Cheers to the ethical choice

By Lauren Salathiel

Slurping on strawless drinks in reusable cups at our local pub the other night, a friend fired off what sounded like a riddle.

“What do you think is one of the biggest contributors to our individual carbon footprints?” she asked.

I like to consider myself to be living a fairly low impact life when it comes to the environment. I take my own bags to the shops. I walk or ride my bike whenever I can. I ask for my drinks at the pub to come without straws in them!

Answering this would be easy. I scrolled through a mental list. Airplane flights. Having children. Driving cars. Surely it would have to be one of those three.

My friend shook her head. Certainly, those things were among the activities with high environmental impacts, but how an individual chooses to invest her superannuation can account for a colossal proportion of her carbon emissions over a lifetime.

Hearing this, I almost fell off my bar stool. It was so obvious!

Many, if not most, conventional superannuation funds generate the money that a great number of us live off in our retirements via long-term investment in things like fossil fuel extraction industries (or banks that finance such extraction), logging and companies producing environmentally and socially harmful products (think tobacco, weapons).
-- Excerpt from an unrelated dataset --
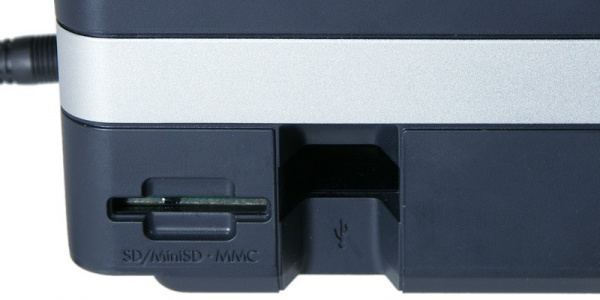 HP Officejet 470: Links an der Seite hat der HP einen Speicherkartenleser (SD und MMC) und den USB-Hostanschluss angebracht. Dort findet zum Beispiel der Bluetooth-Adapter Platz.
That means, unless you have actively invested your superannuation in an ethical fund, which takes both positive action to make environmentally ethical investments, as well as “negative screening” for options that are do not meet ethical criteria, your superannuation is undoing all that good work you’re doing as you sort your recycling, ride your bike and eat locally grown produce.

In fact, more than this, your superannuation is doing harm to the planet and your community.

Fortunately, it’s easy to do something about this.

Set aside an afternoon when it’s too hot to be outside and do some searches for “ethical superannuation” online.

Superannuation funds provide helpful detail as to their screening processes and what types of industries, activities and companies they will or will not invest your hard-earned cash in.

From there, you’ll need to fill out a few forms to switch funds (if you already have one), and then it’s time for a drink!